Humm, I'm just spinning for the fun of it all right now. Once I finished the second skein, they will be for sell. I was thinking this yarn would make a kicky hat and mitten set, or maybe felted slippers, or how about a felted bag?


----------



## mama879 (Jan 27, 2011)

What did you ply it with. A felted bag would be pretty but thinking it would dull the color a bit. No slippers to pretty.


----------



## BirchPoint (Feb 12, 2016)

Sometimes it's just lovely looking at the yarn. Don't need to make anything - just admire the colors. Your yarn falls into that catagory. Beautiful!


----------



## wordancer (May 4, 2011)

mama879 said:


> What did you ply it with. A felted bag would be pretty but thinking it would dull the color a bit. No slippers to pretty.

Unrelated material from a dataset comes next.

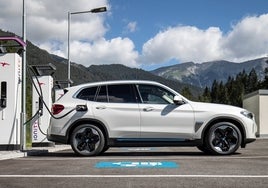 Recarga de un coche eléctrico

Plyed with itself. But how cheerful those slippers would be on a dark, cold morning!


----------



## Babalou (Jun 3, 2012)

It looks great. I think it would make a great looking hat or scarf.


----------



## deenashoemaker (Nov 9, 2014)

It is magical! BEAUTIFUL!


----------



## DanielS (Mar 2, 2016)

I never would have expected that result. Beautiful.


----------



## Spooly (Oct 22, 2011)

The colors are amazing together.


----------



## wordancer (May 4, 2011)

DanielS said:


> I never would have expected that result. Beautiful.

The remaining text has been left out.